I want to conclude this chapter and my book, but hopefully not the book, with a discussion of a new set of computational reading practices. They date back in many ways to the 1970s, a computational high-water mark for many disciplines. But they are only now gradually beginning to alter the landscape of professional reading, what used to be known as philology and now goes by the name of digital humanities.24 It is not without its detractors. But then again, when has this not been the case when there have been changes to how we read?
First, some examples. FeatureLens, which was developed by the Human-Computer Interaction Lab at the University of Maryland, is a program that allows you to view meaningful semantic patterns within large structures of texts (fig. 7.2).

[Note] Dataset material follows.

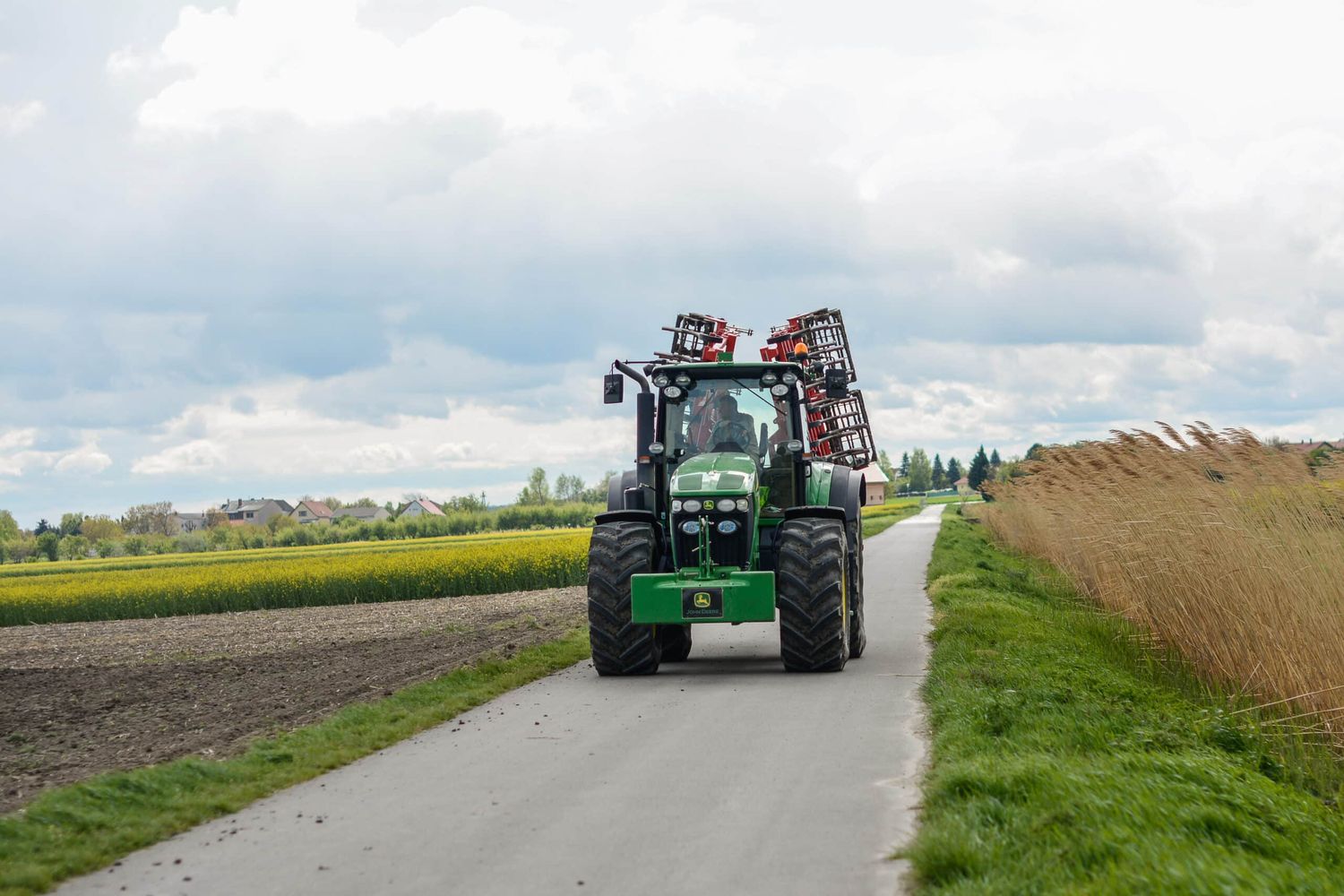 Traktor_auf_Feldweg-ID69074-scaled.jpg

For Tanya Clement, who undertook an analysis of Gertrude Stein’s famously difficult and repetitive novel The Making of Americans (1925), the interface revealed a range of structural patterns so far unnoticed by readers.25 Using FeatureLens, Clement was able to see the symmetrical repetition of certain phrases, the way “any such a thing” appears exactly ten times in each of the chapters where it appears. She also noticed that the repetition of the single longest string of words (495 in all) occurs only once at the exact midpoint of the novel, suggesting that the novel has a cyclical rather than random structure. And finally, her research showed that the repetitions of the last chapter are not unique to that chapter, as is the case with the other chapters, but appear scattered throughout the novel. Far from articulating a principle of randomness, this last detail suggests how the final chapter assumes the structure of a refrain (called a “rhapsody” by Stein). Rather than marking an end point, it is the moment when the novel circles back on itself. There is a virtuosity to Stein’s play that takes place at a remarkable level of scale and that only becomes visible when subjected to such quantitative inquiry.